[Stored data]
****************
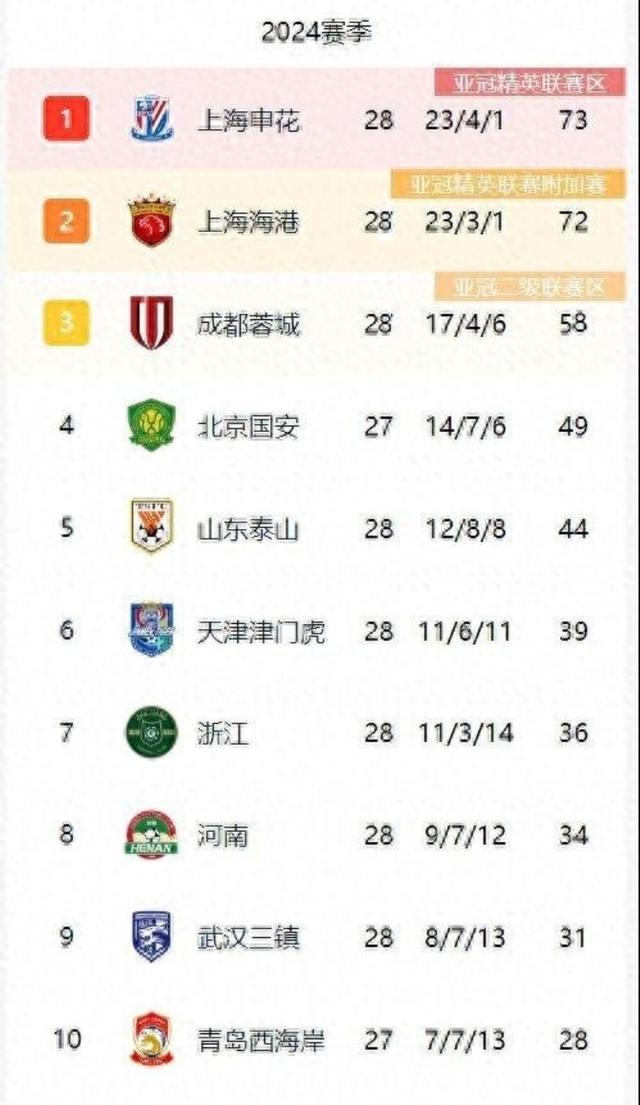 关于上海申花战胜对手,稳固积分榜第一的信息 关于上海申花战胜对手,稳固积分榜第一的信息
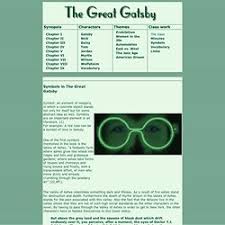 The Great Gatsby Text Pearltrees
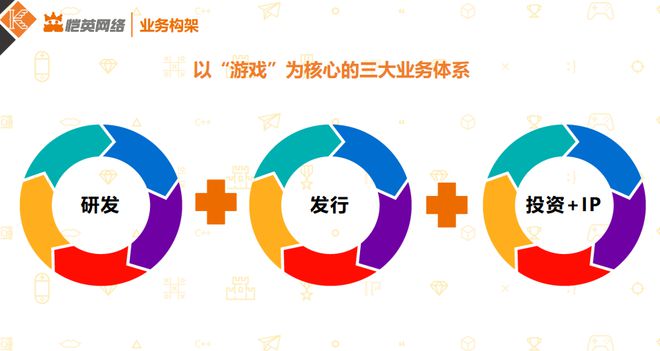 2025年第一场冲击波恺英网络要起飞(图32)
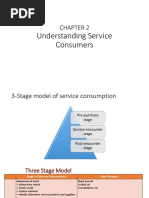 Ch-2 - Understanding Service Consumers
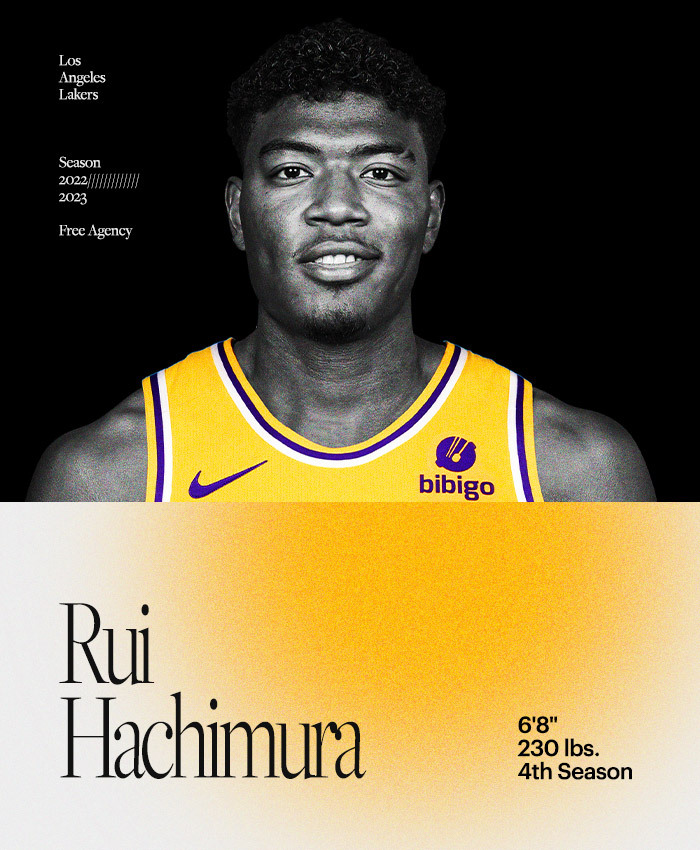 八村塁2年2800万转投快船，湖人旧将交易回顾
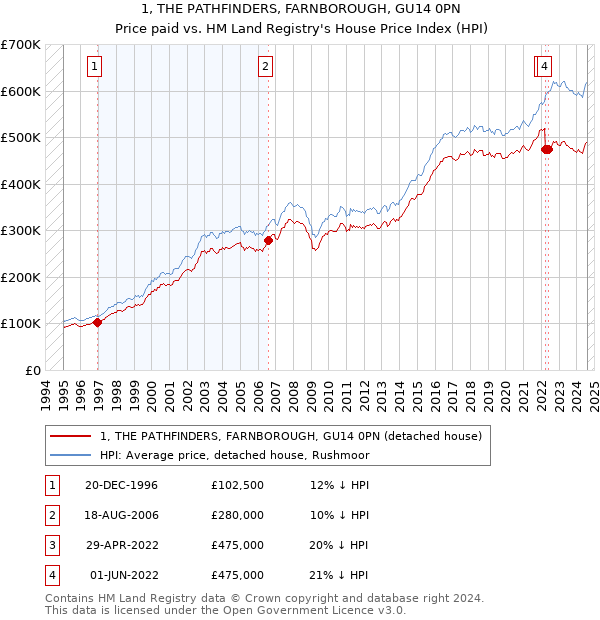 1, THE PATHFINDERS, FARNBOROUGH, GU14 0PN: Price paid vs HM Land Registry's House Price Index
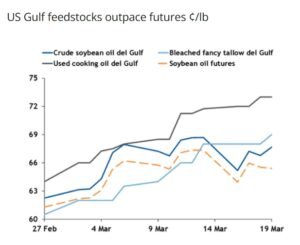 biofuel prices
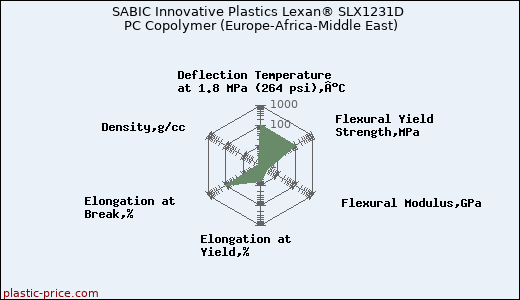SABIC Innovative Plastics Lexan® SLX1231D PC Copolymer (Europe-Africa-Middle East)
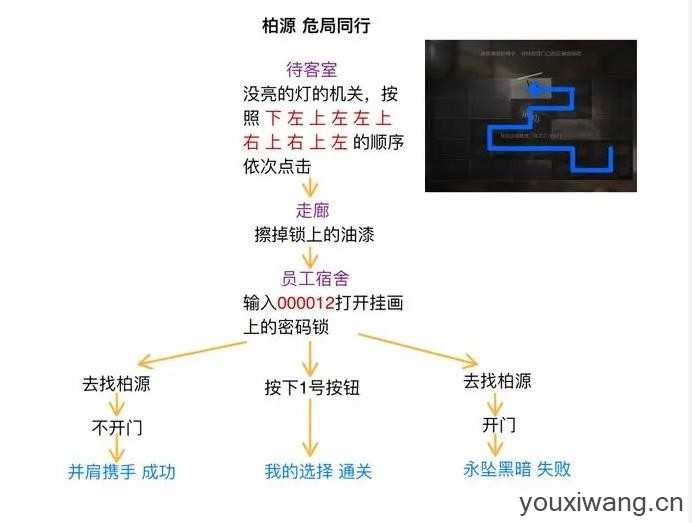 世界之外 世界之外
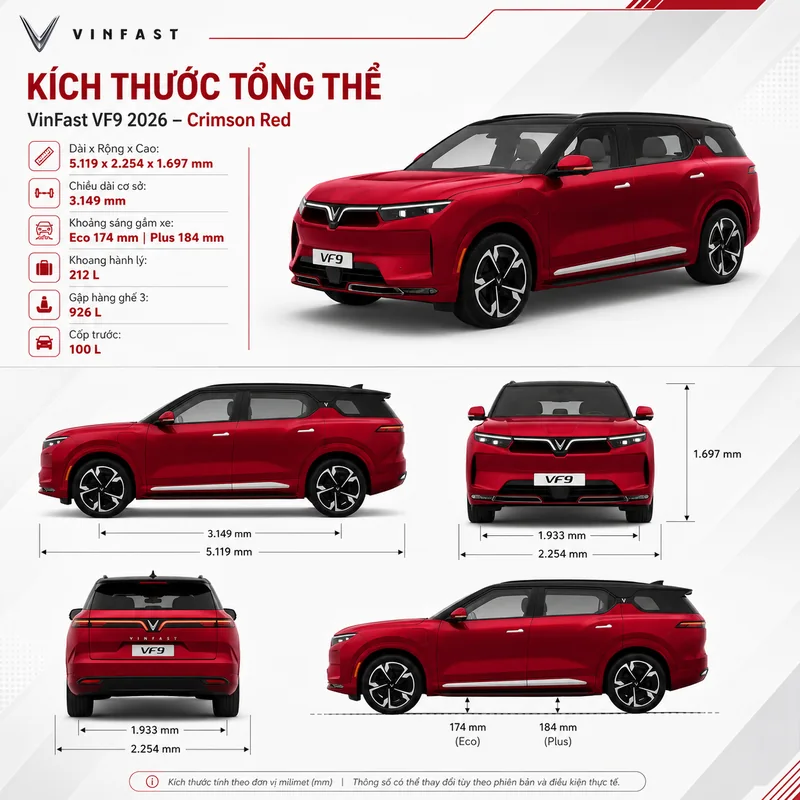 Xe VinFast VF 9 màu đỏ với các hình ảnh kích thước tổng thể và thông số chi tiết về chiều dài, rộng, cao, chiều dài cơ sở, khoảng sáng gầm xe và dung tích khoang hành lý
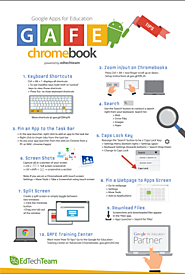 10 Google Chromebook Must Knows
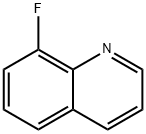 8-Fluoroquinolina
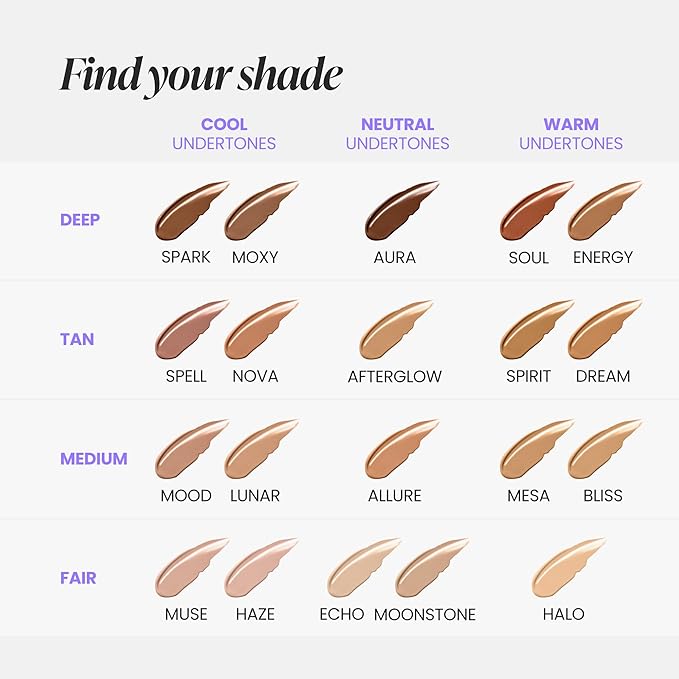 Wonderskin Hyper Bond All-Day Stay Serum Foundation – Waterproof, Transfer-Proof, 24HR Longwear Face Makeup with Niacinamide & Hyaluronic Acid – Lightweight, Natural Finish (Mood)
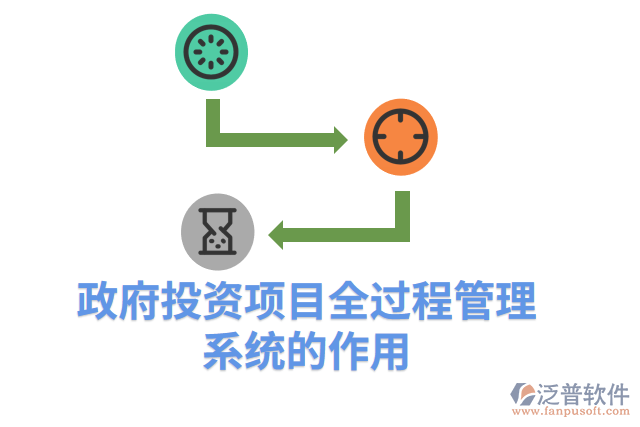 政府投資項(xiàng)目全過(guò)程管理系統(tǒng)的作用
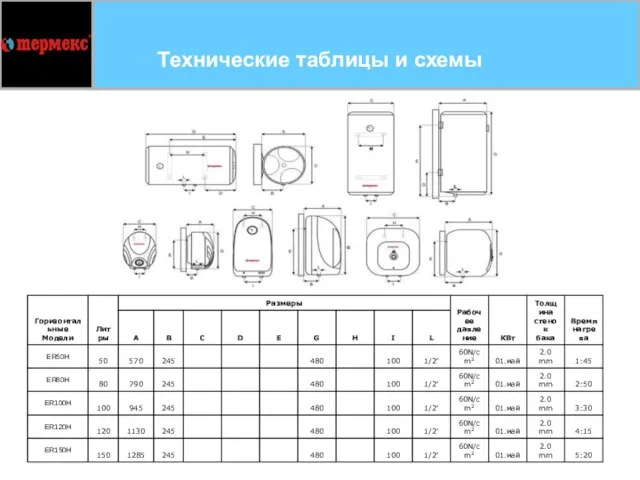 Технические таблицы и схемы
****************
Return the entries above exactly and in full; do not include images.

 关于上海申花战胜对手,稳固积分榜第一的信息 关于上海申花战胜对手,稳固积分榜第一的信息
 The Great Gatsby Text Pearltrees
 2025年第一场冲击波恺英网络要起飞(图32)
 Ch-2 - Understanding Service Consumers
 八村塁2年2800万转投快船，湖人旧将交易回顾
 1, THE PATHFINDERS, FARNBOROUGH, GU14 0PN: Price paid vs HM Land Registry's House Price Index
 biofuel prices
SABIC Innovative Plastics Lexan® SLX1231D PC Copolymer (Europe-Africa-Middle East)
 世界之外 世界之外
 Xe VinFast VF 9 màu đỏ với các hình ảnh kích thước tổng thể và thông số chi tiết về chiều dài, rộng, cao, chiều dài cơ sở, khoảng sáng gầm xe và dung tích khoang hành lý
 10 Google Chromebook Must Knows
 8-Fluoroquinolina
 Wonderskin Hyper Bond All-Day Stay Serum Foundation – Waterproof, Transfer-Proof, 24HR Longwear Face Makeup with Niacinamide & Hyaluronic Acid – Lightweight, Natural Finish (Mood)
 政府投資項(xiàng)目全過(guò)程管理系統(tǒng)的作用
 Технические таблицы и схемы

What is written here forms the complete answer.